But at the same time, he’s waged war on it. We’ve been, for years, pushing back against his threats and acts of retaliation against the media. We just issued, two weeks ago, our report on the more than a hundred proposals, mostly by Republican-led State houses, to curtail protest rights. So he’s waging this campaign—not alone by any means—but a conservative campaign to suppress speech that they disagree with and find to be unfavorable. It’s blatantly one-sided. When he issued his executive order on campus speech, he was flanked by conservative activists and just made clear that it was their speech that he was worried about, not all speech. So free speech is under threat on that side.

But we also see, coming from the left, when people are really hopeful of driving forward a sea change in the handling of issues of racial justice here in the United States, in some instances, it’s turning into—and it’s a pattern that we’ve seen before a lot, in our work on college campuses—the impulse that in order to realize that promise, you need to impose moral limitations on speech, that part of the way that we’re going to achieve a more equal, inclusive, and just society is by curtailing harmful, noxious, and offensive speech. The impetus to do that is understandable. That speech can genuinely hurt people. It’s inconsistent with the ideals of a more equal society, but where I take issue with it, is asking, whether it’s the state or a newsroom or a university, to clamp down on offensive speech. You’re empowering them to clamp down on speech, period. And very often, that power can be turned in other directions and used to suppress dissent.


“It’s quite extraordinary how this explosion of protests has really driven forward our public and policy debates. So that is a great stride for free expression and should be recognized as such. At the same time though, we can also see plainly that free speech is under grave threat in this country, and from multiple sides.”


Obviously, we saw this playing out at The New York Times, and at The Philadelphia Inquirer. Journalism is an interesting way of looking at a lot of these issues. What do you make of both sides of that, with editors falling for making these judgment calls, but also reporters stepping up and exercising their free expression rights?
It goes back to a phenomenon that I wrote about a couple of years ago, where I think that in a world where people feel hateful speech and ideas are running amok and being enabled and egged on by the White House, the impulse to more aggressively police speech in smaller spaces—a given newsroom, magazine, community, or Facebook page intensifies. You feel like you may be powerless to deal with what’s happening in society at large, but in the realms where you can have a voice and an influence, you’re going to make it heard.

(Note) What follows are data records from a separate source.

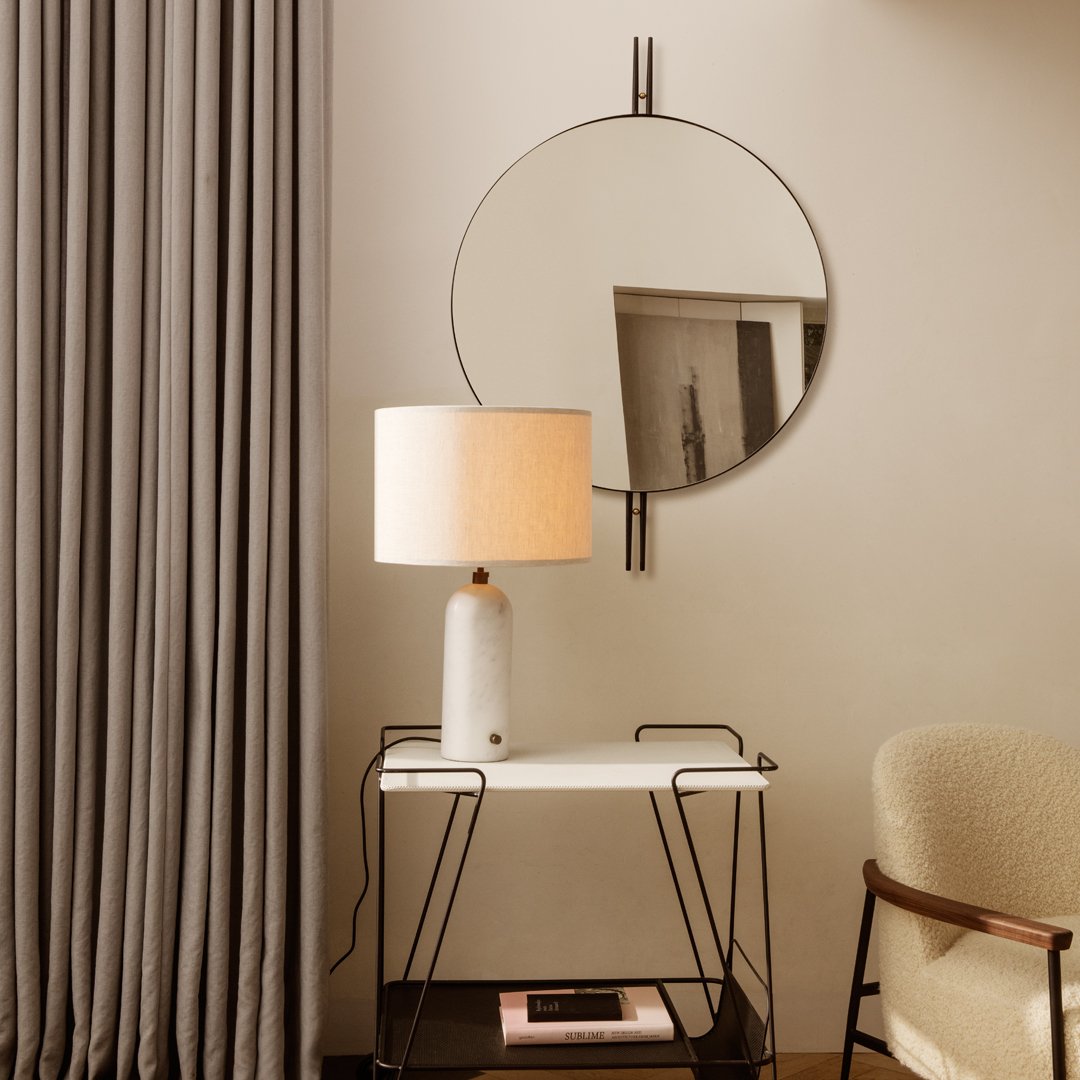 Modern round mirror with a black frame, neutral beige lamp, sleek white table, and soft gray curtains. Elegant and minimalist design.
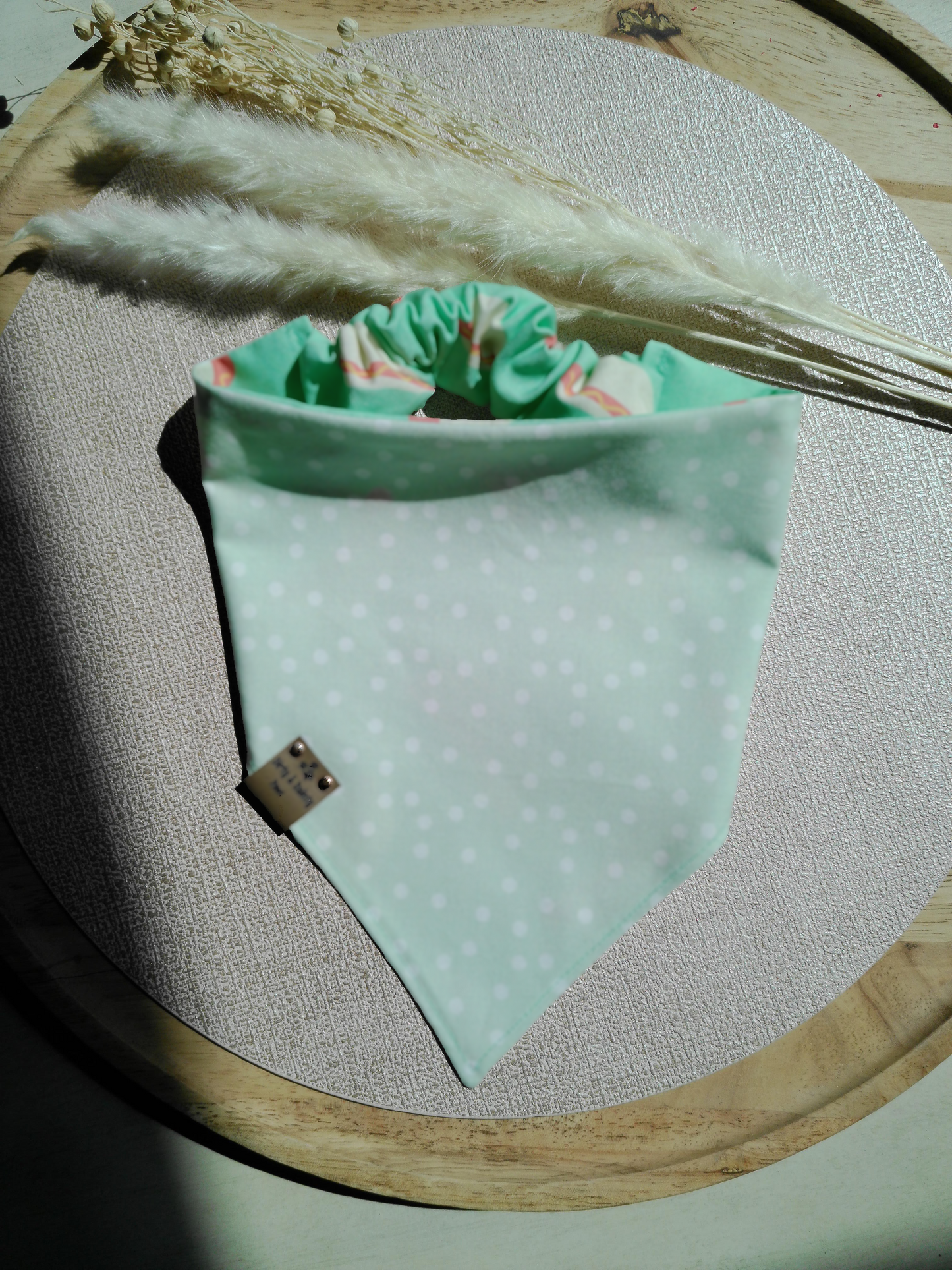 Light green fabric with white polka dots on a wooden embroidery hoop.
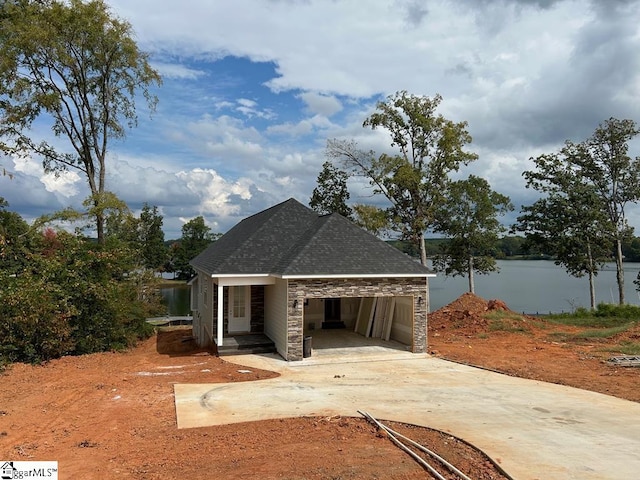 view of front of property with a water view and a carport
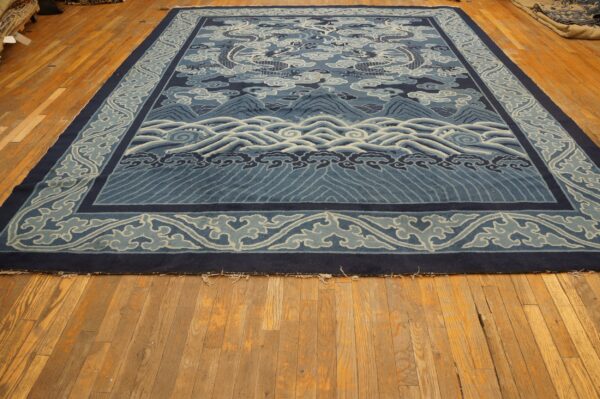 A large blue rug featuring dragons, clouds, mountains, and waves rests on rustic hardwood flooring.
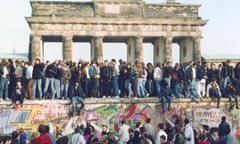 A protest on top of the wall on the eve of its demolition.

I think we saw that at work at The New York Times where people were very disturbed by this op-ed piece, by Tom Cotton. It came out at a moment where things were at a feverish pitch. It seemed like we were really teetering toward something terrifying and unseen in our country to date, possibly with military troops being sent out to American main streets. But it seemed like as much as people were upset by the argument and the risks that are represented, The Times’s decision to publish that argument became the crux of the dispute. And even though nobody thought the editors who were in charge of it agreed with that argument or were remotely sympathetic with that argument, their failure to recognize the sensitivity of the moment became insurmountable. There was also the opinion editor, James Bennet, admitting that he had actually not read the piece. To me, that was concerning because it suggested that on the page, they didn’t quite realize what they had their hands on, and the significance of running a piece like that in that moment, and that the decision didn’t rise to the level of scrutiny that perhaps it should have.

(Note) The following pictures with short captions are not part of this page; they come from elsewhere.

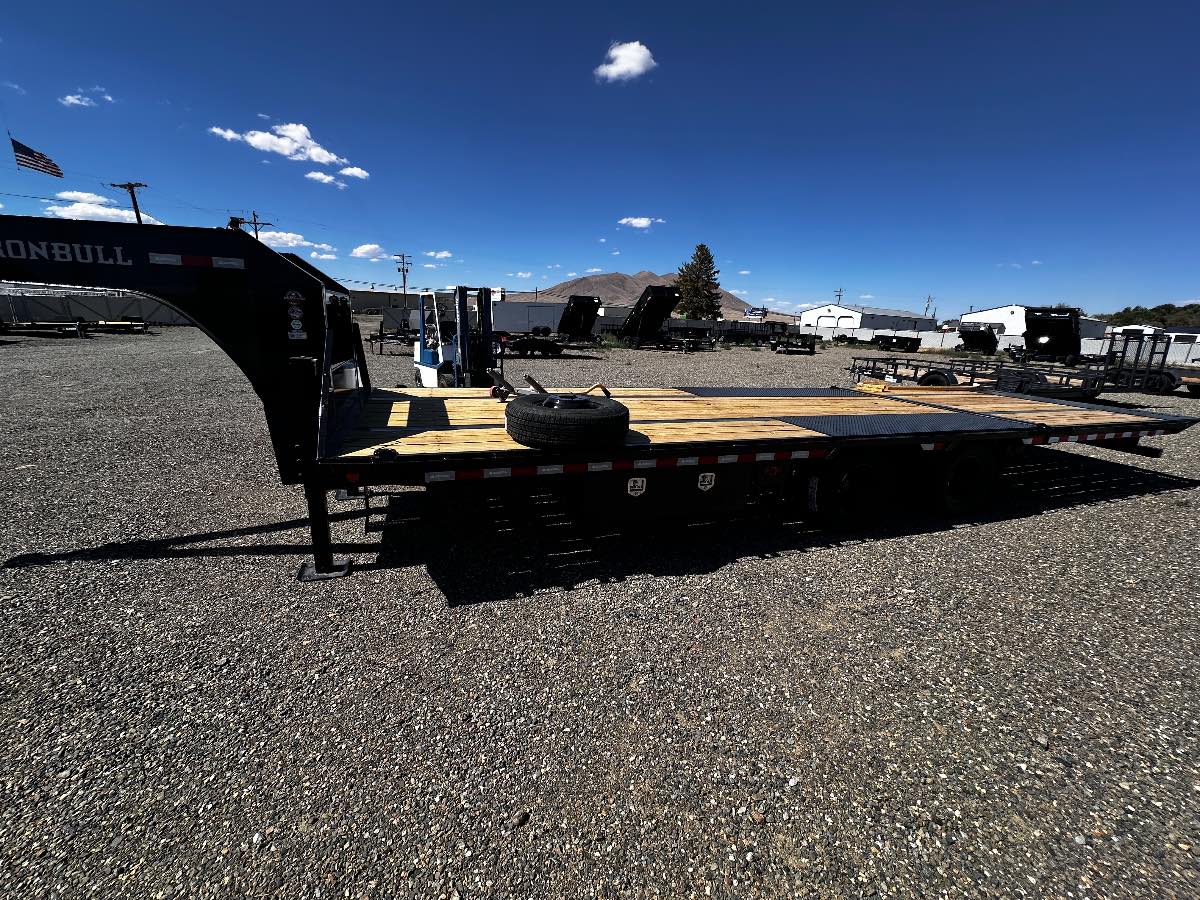 2027 Iron Bull 28' HYDRAULIC DOVETAIL New equipment / flatbed trailer, 28'X102", 22,000 lb GVWR, for sale at The Trailer Store in Winnemucca, Nevada (I-80), stock #TTS-V1916482 — front view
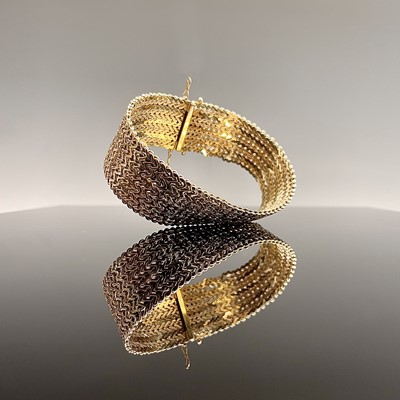 Lot 271 - A 14ct woven yellow gold bracelet 22mm wide...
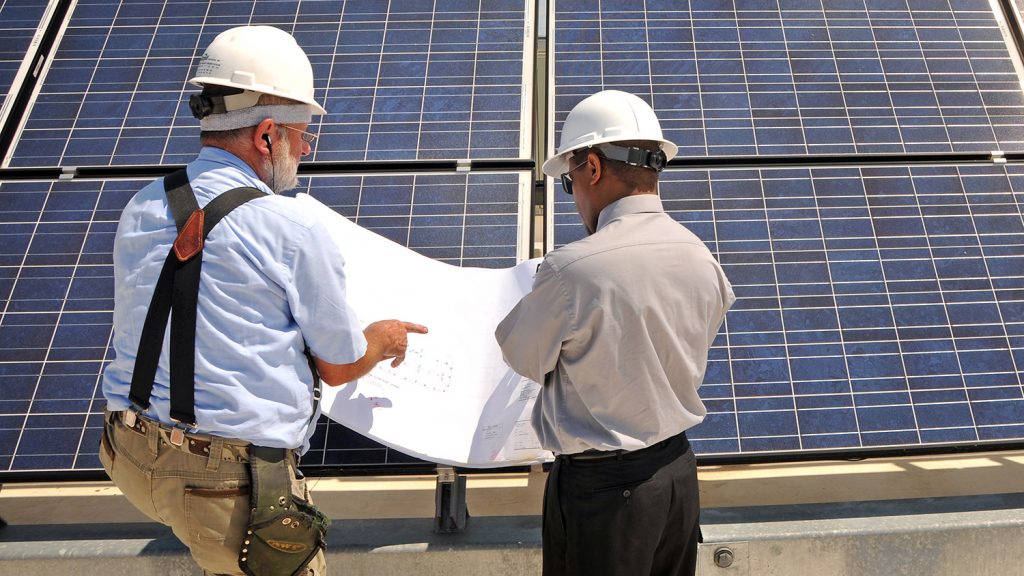 Two engineers reviewing large printout of schematic while standing in front of several large solar panels.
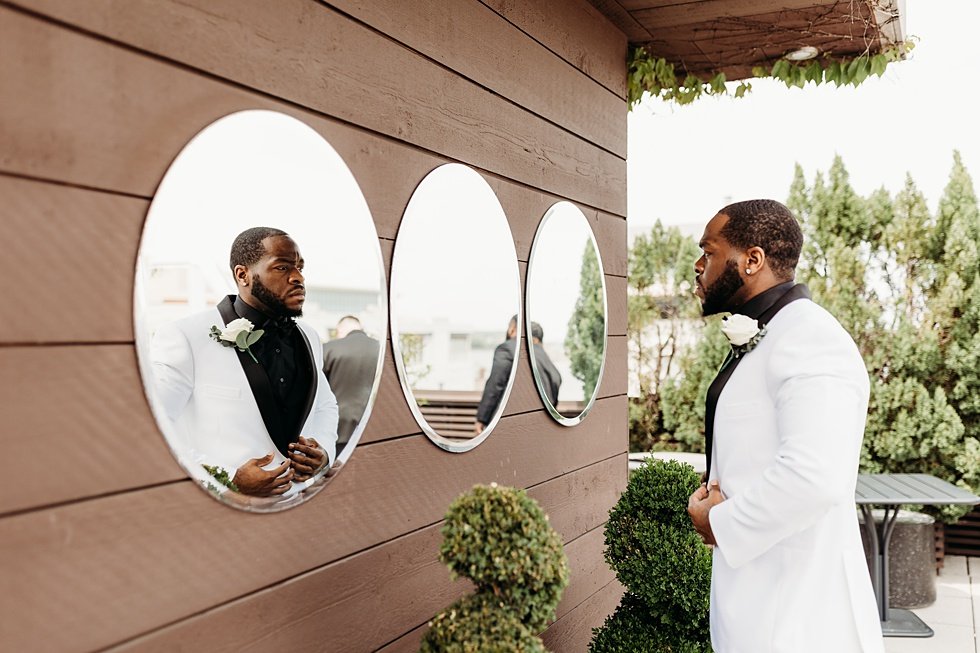  Groom getting ready. Rooftop wedding and reception at 21C Hotel Louisville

“If we want editors to give reporters the widest berth at both carrying out their work and also expressing themselves, including in some nontraditional ways, then I think they need to feel like the editors are going to have their backs. Moving away from that, even if it’s in the name of fighting for a good cause or drawing out dangers that are not adequately understood, or speaking for populations and audiences whose needs need to be more adequately addressed—there’s a risk when that’s communicated through draconian results for seemingly isolated and unintentional offenses. I think that has a chilling effect.”


But I think the end result is pretty concerning here. A mistake was made. There was an apology. Originally, the publisher stood by Bennet and the page, but the clamor was so deafening, particularly with people saying that this piece put them into danger. My read of it was that the paper felt like they just had no choice. The only way they could get past this episode was for Bennet to depart. It seems like it was a pretty similar situation at The Inquirer. I won’t pretend to know all the details of that story. In both instances, there were references to other patterns and incidents of conduct that had played a role in leading to these rather drastic outcomes of respected editors summarily leaving in the wake of what seems like one instance of egregious lapses. And I think that gives other editors and reporters pause. We’re seeing now this debate about how the protests are being covered, and how much leeway is being given to journalists who are bringing new perspectives, or are perhaps closer to the subject matter that they are covering, departing from traditional norms of journalistic objectivity.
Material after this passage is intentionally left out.